● ASSIGNMENT:
The entries below contain pictures. Write out only the lines from the line with "Vita di Gesù - copertina" up to and including the line with "2025 Chevrolet Equinox", exactly, without them.

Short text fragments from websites
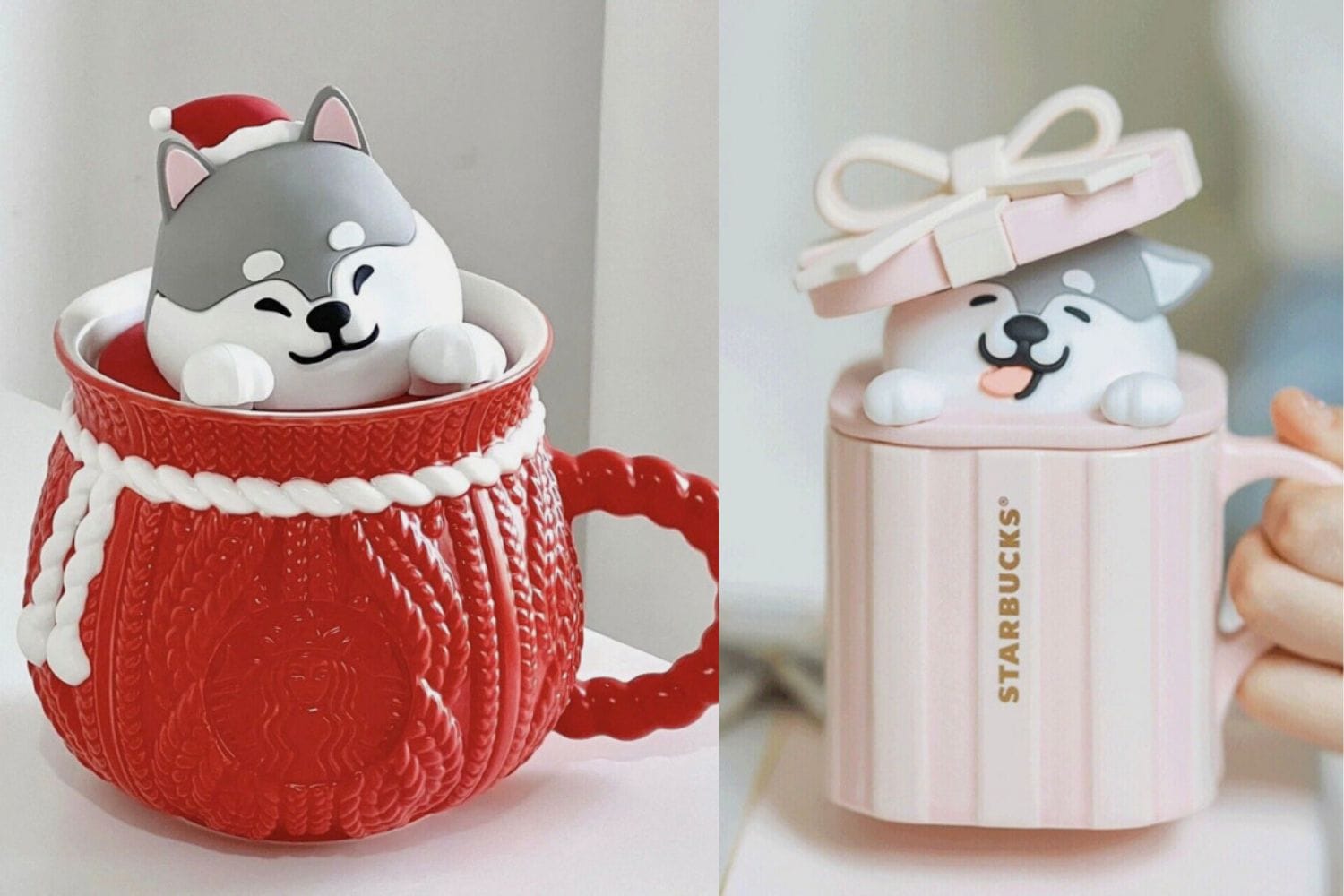 Starbucks Mug With Box Personalised Starbucks Cup Friend Gift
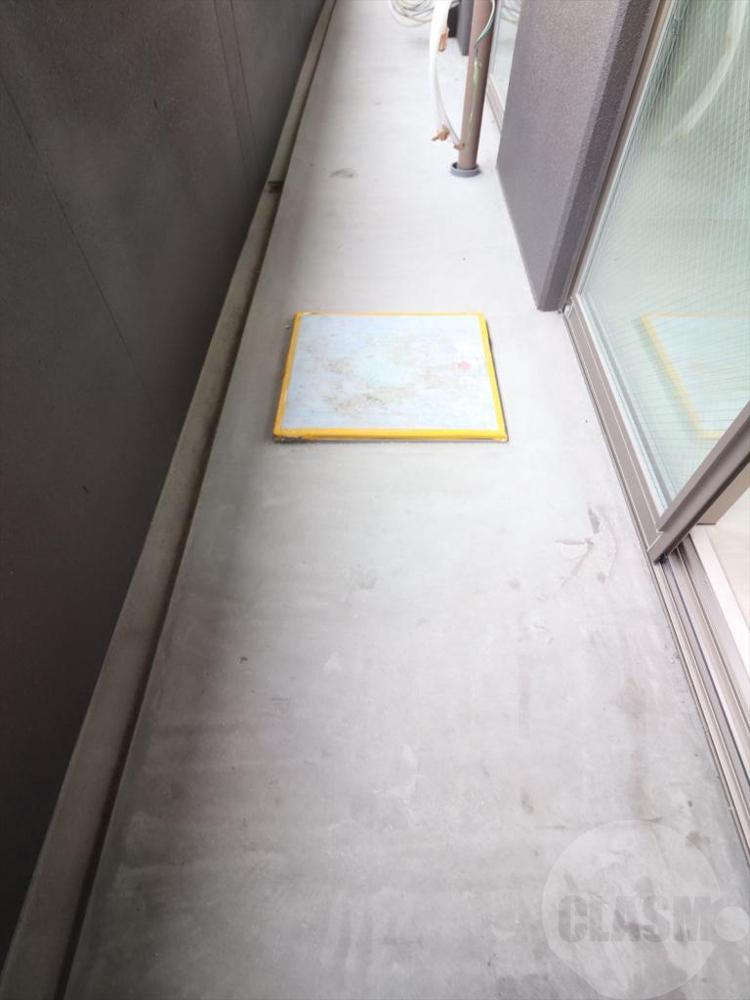 16/30 バルコニー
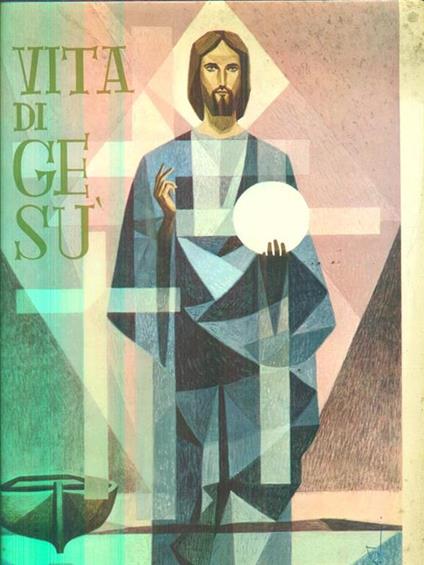 Vita di Gesù - copertina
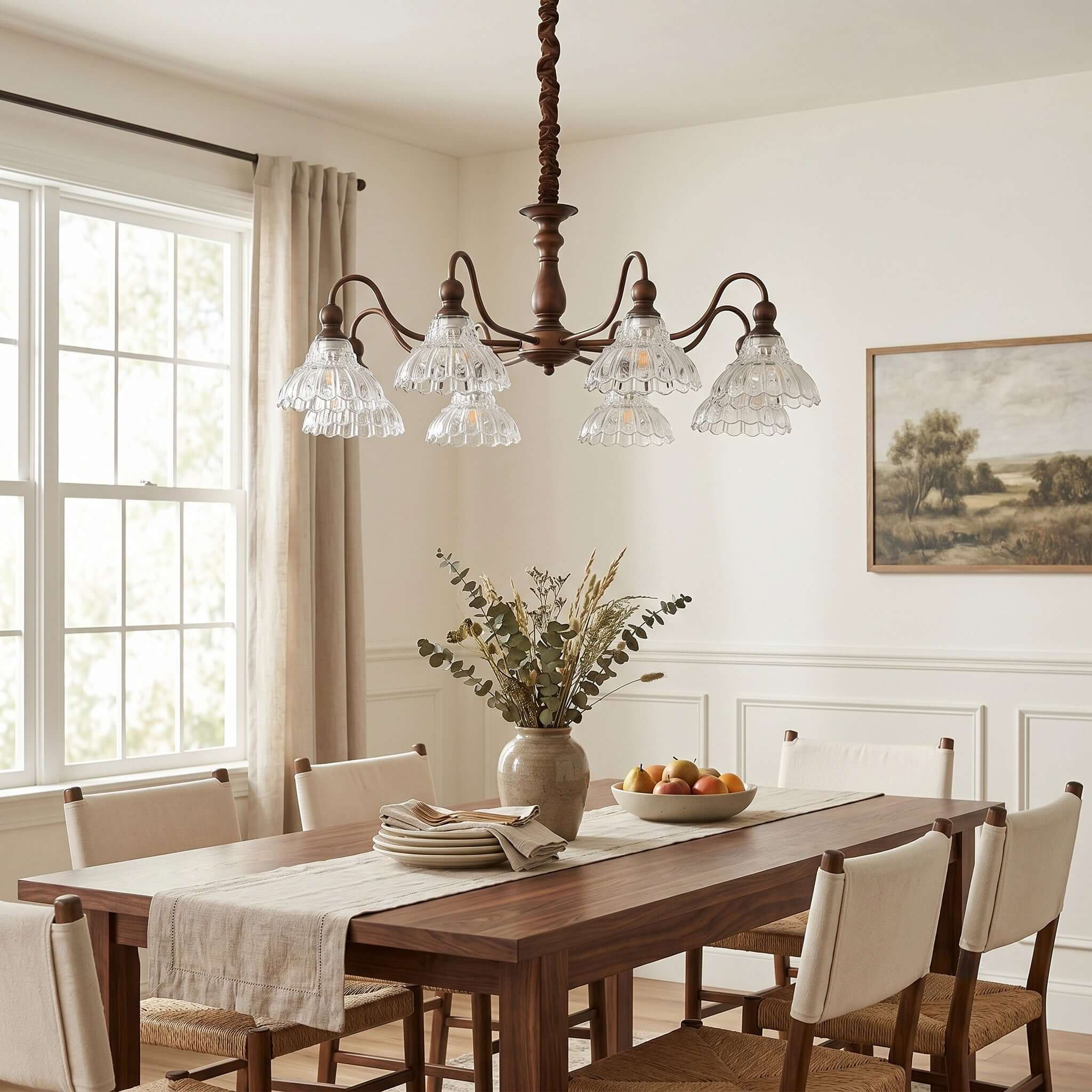 Reninon Chandelier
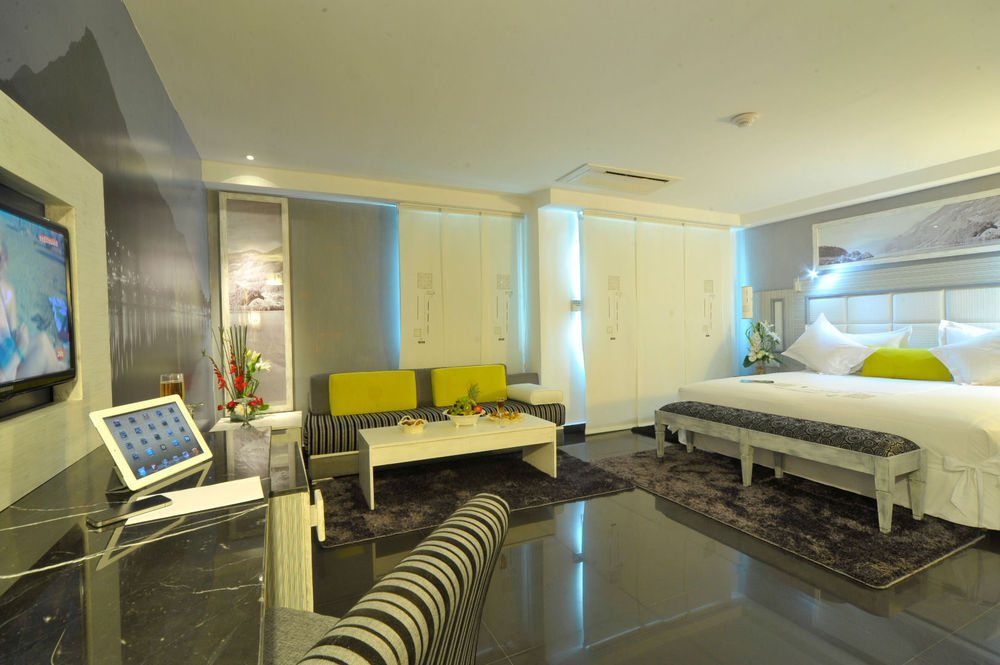 Le Trianon Luxury Hotel & Spa Casa Blanca Habitación foto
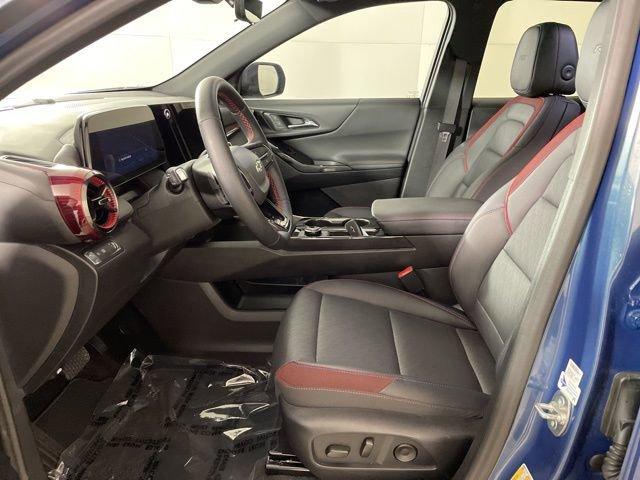 2025 Chevrolet Equinox Vehicle Photo in PHOENIX, AZ 85014-3381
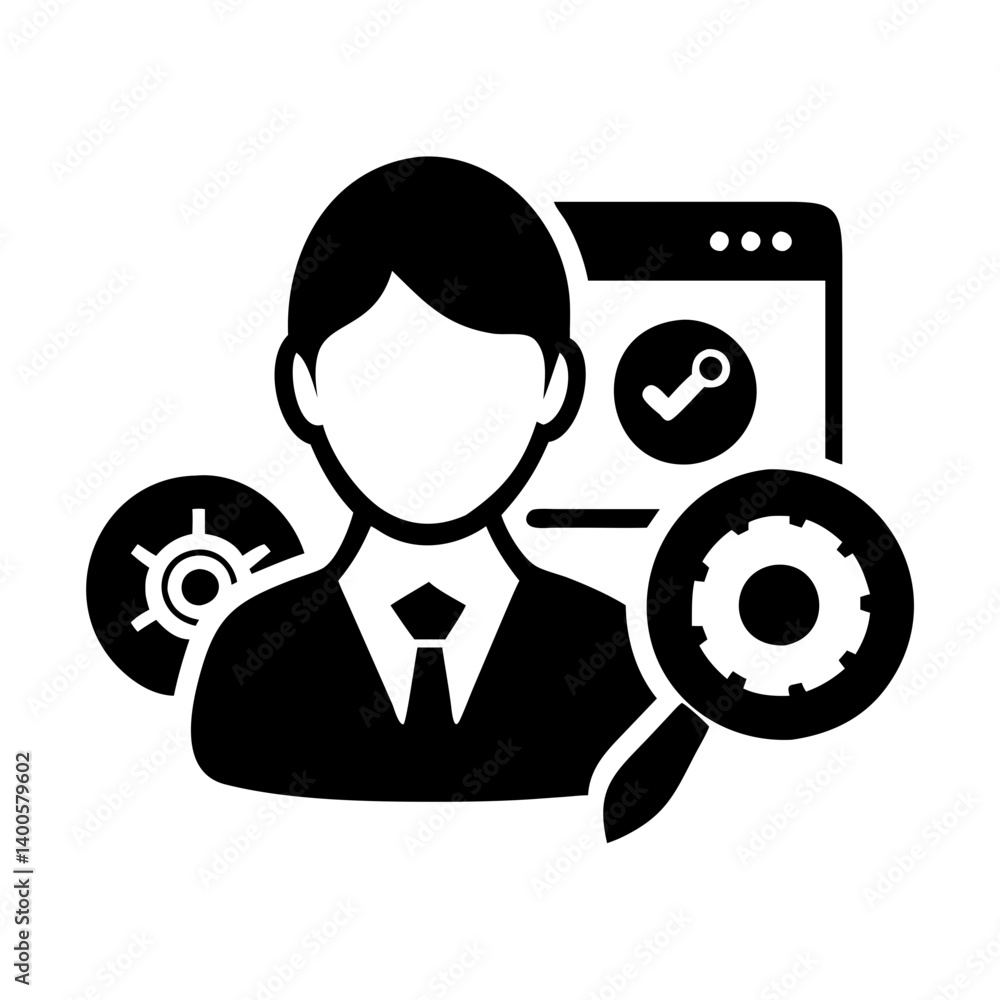 seo icon icon, seo icon silhouette vector illustration-simple silhouette illustration of seo icon, perfect for seo icon logos and icons seo icon icon, seo icon silhouette vector illustration-simple silhouette illustration of seo icon, perfect for seo icon logos and icons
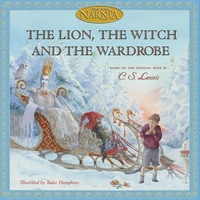 Cover of The Lion, the Witch and the Wardrobe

● ANSWER TO THIS EXERCISE:
 Vita di Gesù - copertina
 Reninon Chandelier
 Le Trianon Luxury Hotel & Spa Casa Blanca Habitación foto
 2025 Chevrolet Equinox Vehicle Photo in PHOENIX, AZ 85014-3381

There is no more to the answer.